I found out, through no help of the site, that the program _MUST be installed when you're logged in as an Admin!_  It would help if someone mentioned this!   

Now the problem is where I had the "Temperature" area in the drop-down before, it's gone!  And that's the main thing for which I needed the program!  So what happened to it?  Why was it there on the first install, but not now?
Thanks.


----------



## Clint (Apr 30, 2006)

Anyone?


----------



## bigboi86 (Apr 30, 2006)

Does your 9800pro even have a temp sensor? I thought only XT's could monitor temps, unless you had the temp sensor and flashed it to XT. 

I would try reinstalling your catalyst drivers to begin with...


----------



## Clint (Apr 30, 2006)

bigboi86 said:
			
		

> Does your 9800pro even have a temp sensor? I thought only XT's could monitor temps, unless you had the temp sensor and flashed it to XT.
> 
> I would try reinstalling your catalyst drivers to begin with...


Hello.  I have no idea, that's why I'm posting this.    Like I said, the "Temperature" area _was_ there when I first installed it when I was logged in to the PC in my normal admin mode, then it disappeared when I installed it again after logging in on the Admin screen.  So if you're sure the AIW 9800 Pro has no temp sensor, why _was_ it there on the first install?

This brings up another question; how can it be flashed to an XT?  I've seen no BIOS info on AIW cards.  It would seem it would take more to make it an XT than just a BIOS upgrade.
Thanks.


----------



## bigboi86 (Apr 30, 2006)

http://forums.techpowerup.com/showthread.php?t=3566 

Here is a quick thread showing what I mean by most 9800pros can't have temp monitoring. If you get lucky and have an XT PCB and lm63 monitoring chip, flashing it to XT will allow catalyst to monitor temps.

If you have an R360 core and can run XT speeds on the core and mem, making it an XT really is as simple as a bios flash.


----------



## Clint (Apr 30, 2006)

bigboi86 said:
			
		

> http://forums.techpowerup.com/showthread.php?t=3566
> 
> Here is a quick thread showing what I mean by most 9800pros can't have temp monitoring. If you get lucky and have an XT PCB and lm63 monitoring chip, flashing it to XT will allow catalyst to monitor temps.
> 
> If you have an R360 core and can run XT speeds on the core and mem, making it an XT really is as simple as a bios flash.

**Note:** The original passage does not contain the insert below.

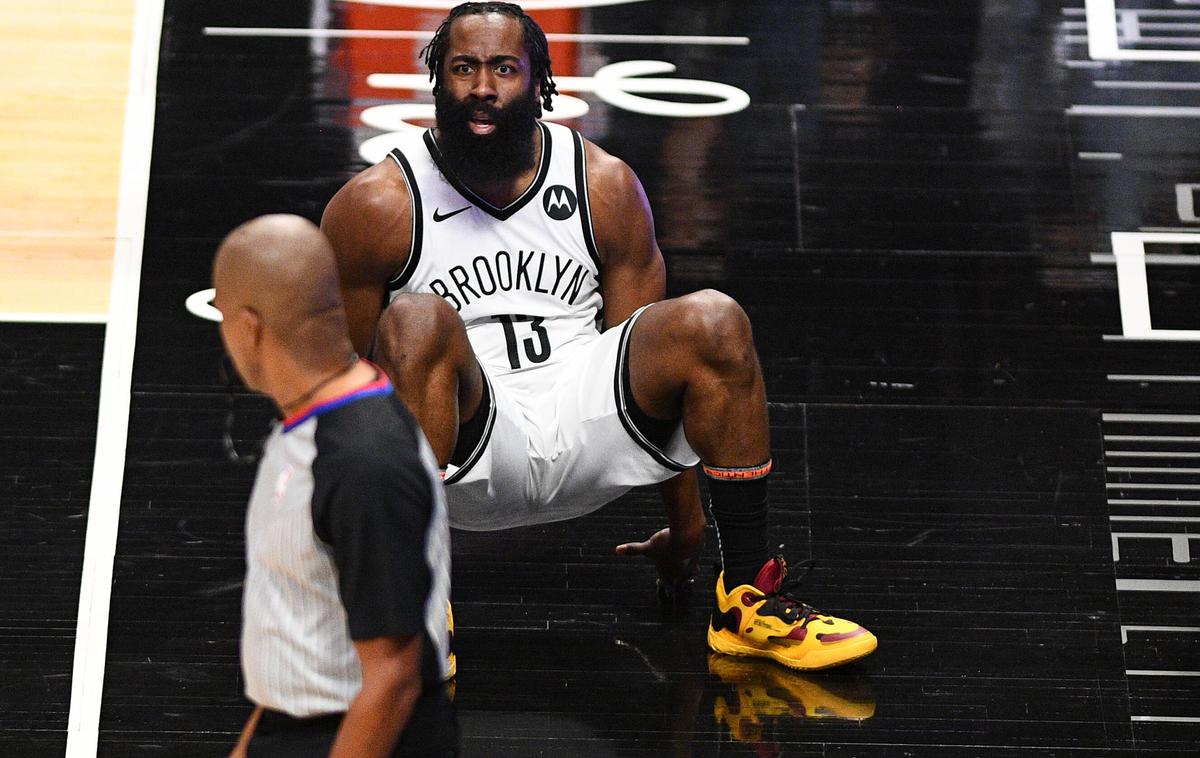 James Harden | Vlatko Čančar z Denverjem gostuje pri Atlanti. | Foto Guliverimage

Hmm, the info at that URL you sent is incomplete, there is no link there:
_*it depends on the card. 9800 xt supports temp monitoring. most 9800 pro's do not. check the "does my ati card support temperature monitoring" article here*_
..and there is no link to the mentioned article.

I don't know if I have a XT PCB or not, nor do I know the monitoring chip or core.  How would I found out this info?  I just opened up ATItool to see if it said anything, and when I click the "Mem" button, the window that opens up has "Memory Timings: R350" in the title area.  So does this indicate an "R350" core?
Thanks.


----------



## bigboi86 (Apr 30, 2006)

You have to physically look at the writing on the core to see if it's a r360 or not. 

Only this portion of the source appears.